EXTRACTED DATA:

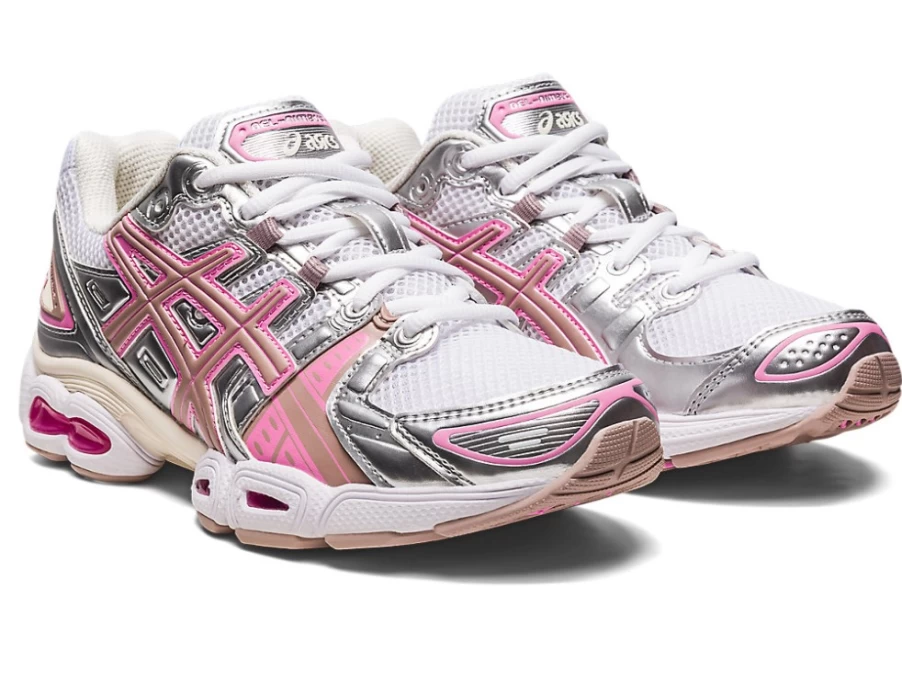 ASICS Women's Gel-Nimbus 9 Running Shoes in White/Pure Silver - Lightweight Cushioned Sneakers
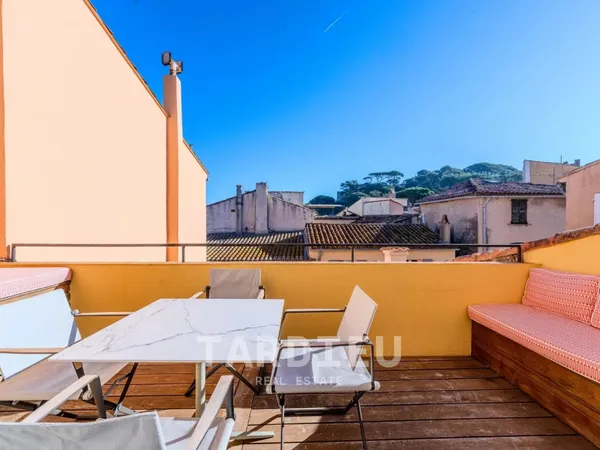 Appartement avec terrasse au centre du village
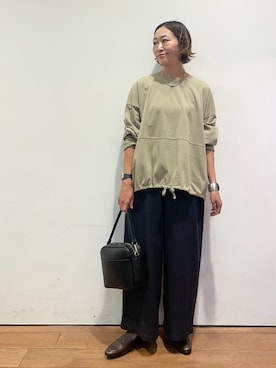 「URBAN RESEARCH DOORS（アーバンリサーチドアーズ）の2WAYスクエアショルダーバッグ（ショルダーバッグ）」を使った、ちばななこさん（レディース・154cm）の秋コーディネート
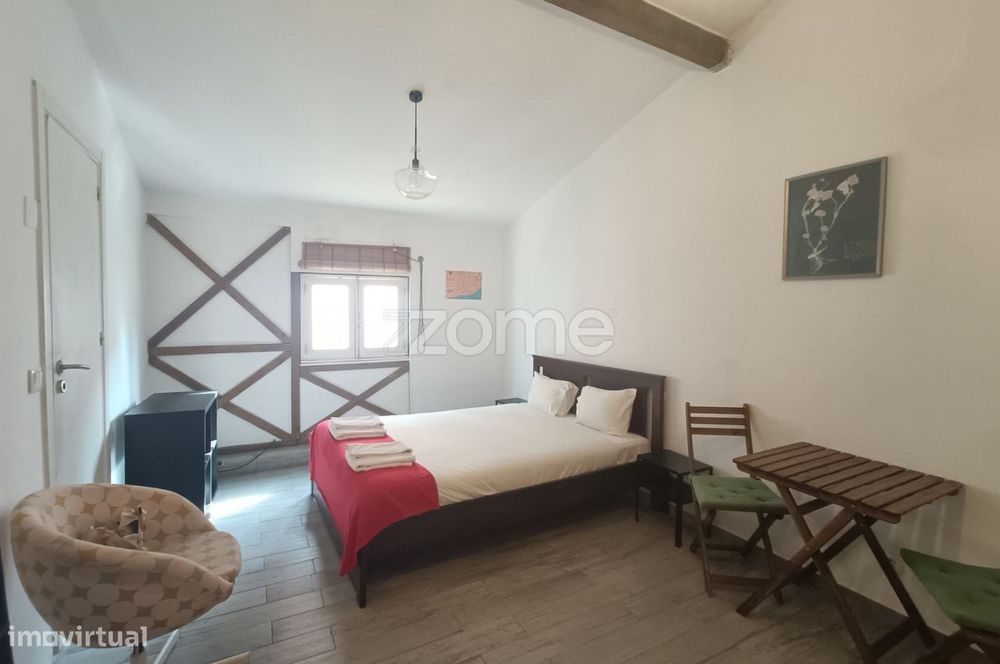 Prédio junto à Av. da Liberdade.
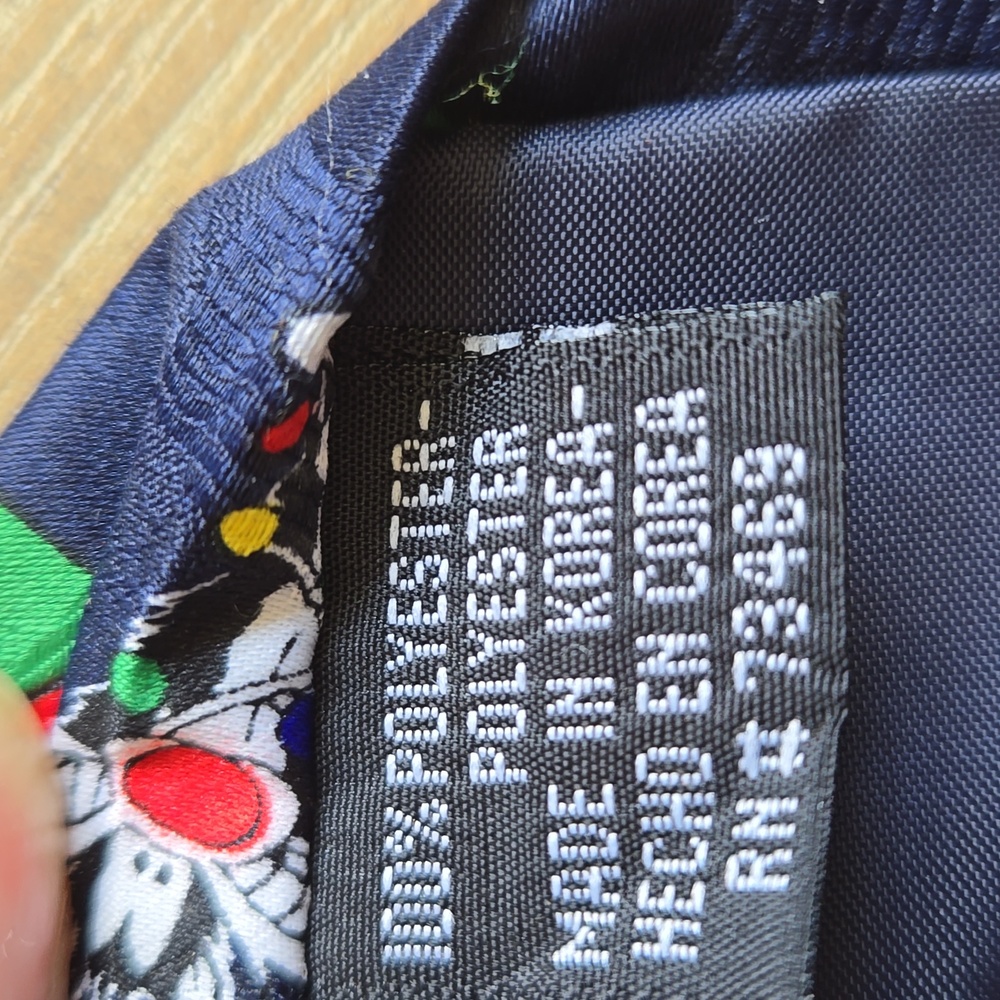 Looney Tunes Mania Necktie - Picture 5 of 6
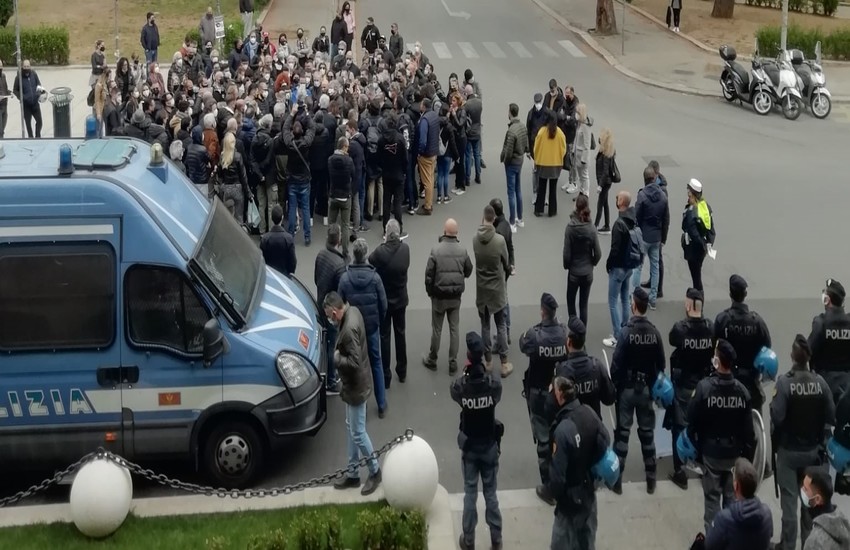 Covid, commercianti in protesta davanti gli uffici della Regione Siciliana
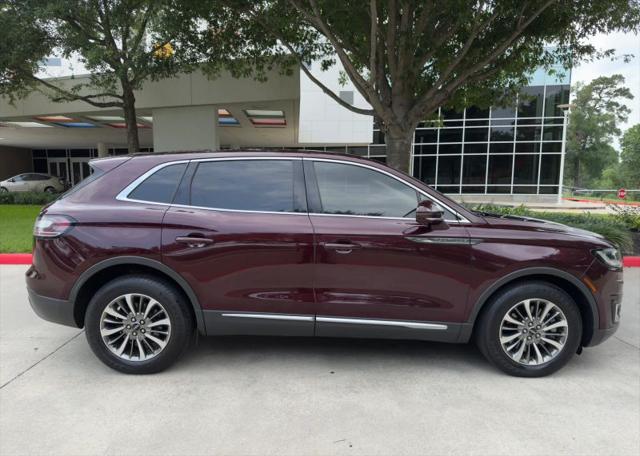 2019 Lincoln Nautilus Select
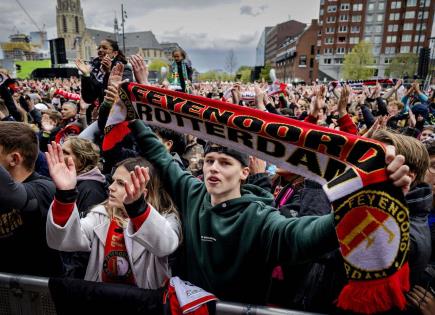 Miles celebran victoria de Feyenoord en Copa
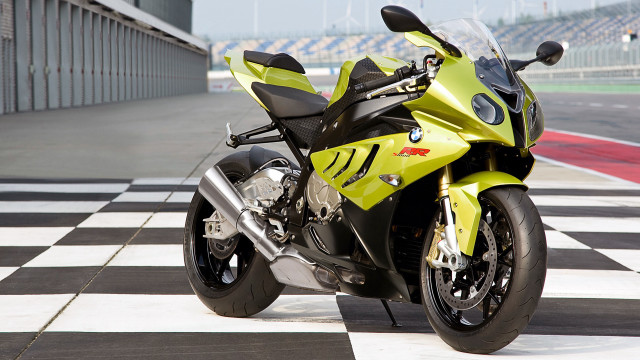 Yellow motorcycle checkered floor dream free wallpaper - medium preview image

WHAT TO DO:
A word-for-word repeat is expected of the lines from the one with "Looney Tunes Mania Necktie - Picture 5 of 6" to the end of the data, both included; pictures are not part of it.

EXERCISE SOLUTION:
 Looney Tunes Mania Necktie - Picture 5 of 6
 Covid, commercianti in protesta davanti gli uffici della Regione Siciliana
 2019 Lincoln Nautilus Select
 Miles celebran victoria de Feyenoord en Copa
 Yellow motorcycle checkered floor dream free wallpaper - medium preview image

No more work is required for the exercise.